Too many people don't have a clue what it costs to make something - and understandably are scared to find out!? Focus on one item you like to make and break it down: cost of supplies, equipment use, your time. Can you get supplies wholesale? Can you change the price if you make several at once? How many would you have to make to bring the price down. Also consider what people are paying for when buying a similar item. You'll soon find there are a number of cost and supply issues that change when you are thinking of making many of one item.
Come Clean and Be Honest...
Sit down in a quiet spot and list your strengths and weaknesses.
Be honest. Are you a little disorganized? Great at packing but can't generate a spread sheet if your life depends on it?
You'll need to prioritize that list and figure out how to be, or get, efficient in key areas you may not necessarily want to work in.
Who Is Your Ideal Customer
There is a tendency to think you are selling to the world when, in fact, your customer is someone quite specific.
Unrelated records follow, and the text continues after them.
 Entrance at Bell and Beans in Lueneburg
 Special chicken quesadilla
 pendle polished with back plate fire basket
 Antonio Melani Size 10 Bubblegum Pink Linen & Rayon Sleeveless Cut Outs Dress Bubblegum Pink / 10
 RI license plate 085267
Think about who your ideal customer is and keep that person in mind as you set up your business. You can add other customer categories later but you need to start with one particular kind of customer so you will know how to meet that person's interests and needs.
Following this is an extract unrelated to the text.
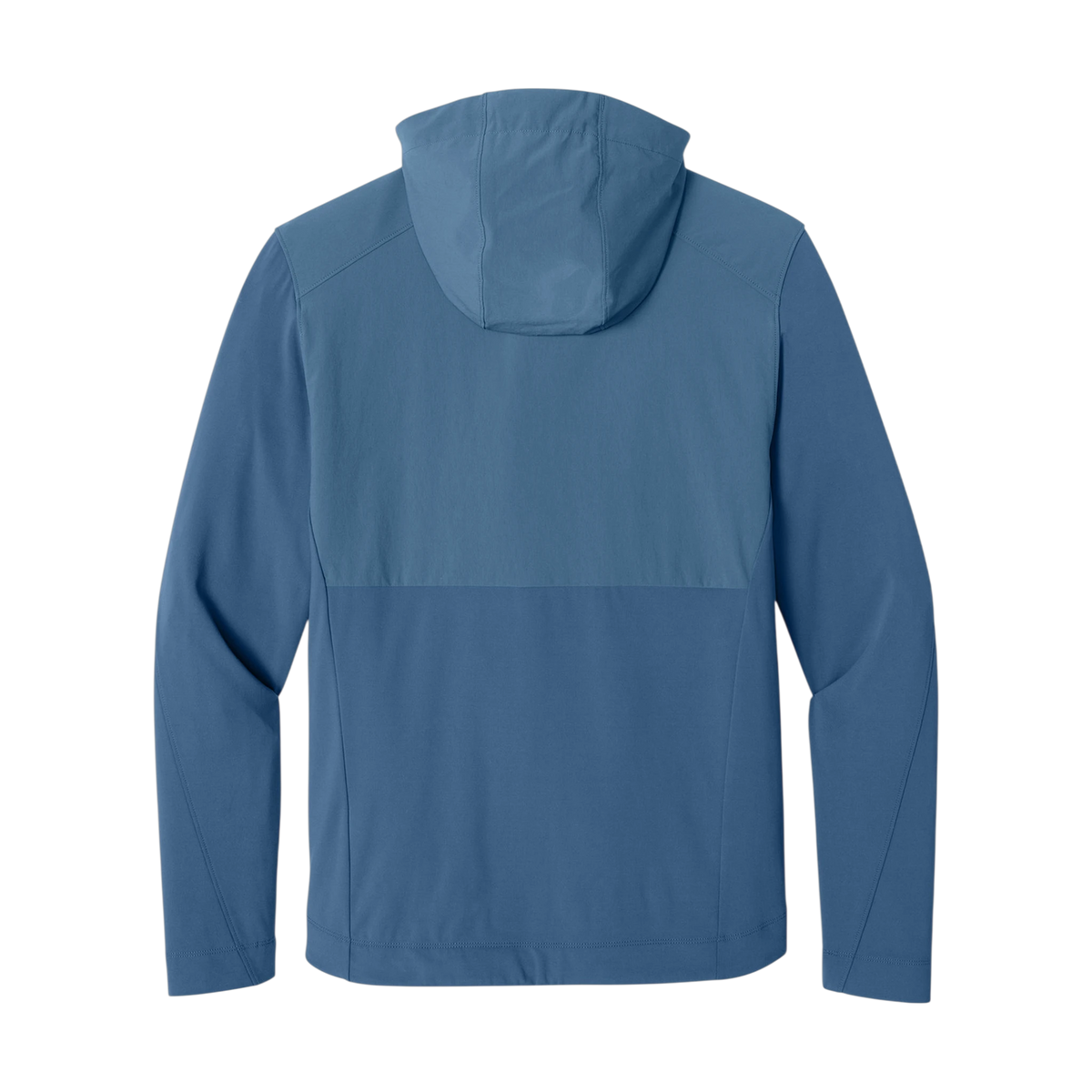 MiiR Kivu Hybrid Full-Zip Hooded Jacket in Deep Lake — custom branded by Motive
Get to Know What It Means to Run A Business
- Talk to a lawyer and an accountant. Get a sense for the records you need to keep.
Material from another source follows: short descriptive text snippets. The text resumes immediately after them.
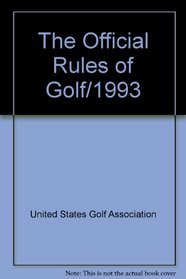 The Official Rules of Golf/1993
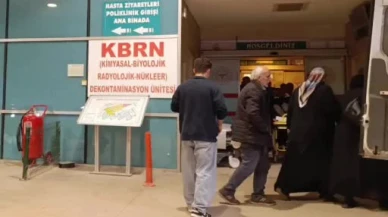 Korkunç Olay! Kömürleri indirirken yüzüne demir saplandı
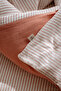 Single (Without Sheets) Muslin Duvet Cover Set 150X200 cm |   Line Series - Coral - 7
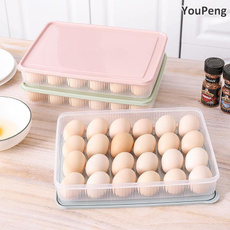 YouPeng Kitchen 24-compartment Refrigerator Egg Box Fresh-keeping Box Plastic Portable Food Storage Box(1PCS/2PCS) — image 3 of 12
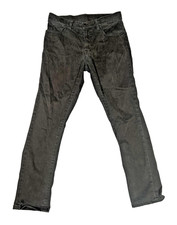 Uniqlo Pants Men Stretch Relaxed Trousers Drawstring Black 30x27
- Ask about how best to set up the business: sole proprietorship v. S corporations v. limited partnerships. If for no other reason, if you want to buy your supplies wholesale or get a little grace period before you pay bills, you're going to need to organize into some sort of registered business.
- Take the work at home idea out for a test. Try selling on Etsy. This will give you a taste of what it's like to sell. You can also try Ebay. Both market places make the selling process easy.
- You'll need to sort out how to best take pictures, fully describe products, ship and take payments. It can be time-consuming at first but once you set up your business support systems, and understand the processes, it will go faster.
- When you're first starting, you're always selling so make a visual book of your product photos so you can show anyone who shows an interest.
- It will also help you determine whether people will be interested in buying your products.
- Visit other small business people. Ask them what they like most, least, etc. If you can, spend a day with them to see how things evolve with suppliers, customers, family members.
- If you don't know of anybody, contact your local AARP chapter, business or vocational school or chamber of commerce. Most offer either classes or have personnel who can help you talk things through for free.
- Observe and participate in local arts and crafts shows, farmers markets, Xmas bazaars. Being a part of those will give you a feeling for what it's like to plan for the event, handle customers, see what people are buying and at what price, etc. Often people find out they don't like the selling part and prefer just the making part. Find this out early before you make any sizable financial investment in your home business.
- Develop a written business plan. If you talk to professionals who have watched businesses go under, they'll tell you there are three reasons why most beginning businesses don't make it. Not thinking things through is a big one. Go online, find yourself a free business plan and walk yourself through it.
- Check with your local university extension office or chamber of commerce. They often have business assistance programs that can also walk you through a plan. Really. Those plans will identify areas you have perhaps not considered, give you some questions to help you define success and, overall, give you a good sense of what it takes to run a business.
- Be kind to your banker! This is the second reason most beginning companies don't make it. They didn't plan enough start up money to get them past the hump. We have all heard the stories of millionaires who started with $500 in savings. What they haven't told you is that somewhere along the way they sat down with a financial advisor who helped them with a financing plan based on that business plan. The usual rule of thumb is have enough money on hand for 2-5 years.
- Be careful of - oops - growing too fast. That's the third reason small businesses fail, not being able to efficiently and effectively keep up. Marketing specialists will tell you that for every positive sale, you are lucky if the customer shares a positive comment 3 to 5 times. Make one bad sale and that person will tell at least 7-10 people. Once you get behind and make errors and bad sales, it's hard to catch up so start slow. Stick with a few items, do them well, be consistent, then refer to your business plan to see what you should be doing next.
It Takes Two!
Finally, when we interviewed small business owners several years ago about their formula for success, the one key element they all mentioned was having a partner. The partner is someone you can trust, who you can bounce ideas off, who can drop that emergency shipment off at the post office. Having a partner also means you may have someone who can help with that paperwork so you can concentrate on making products.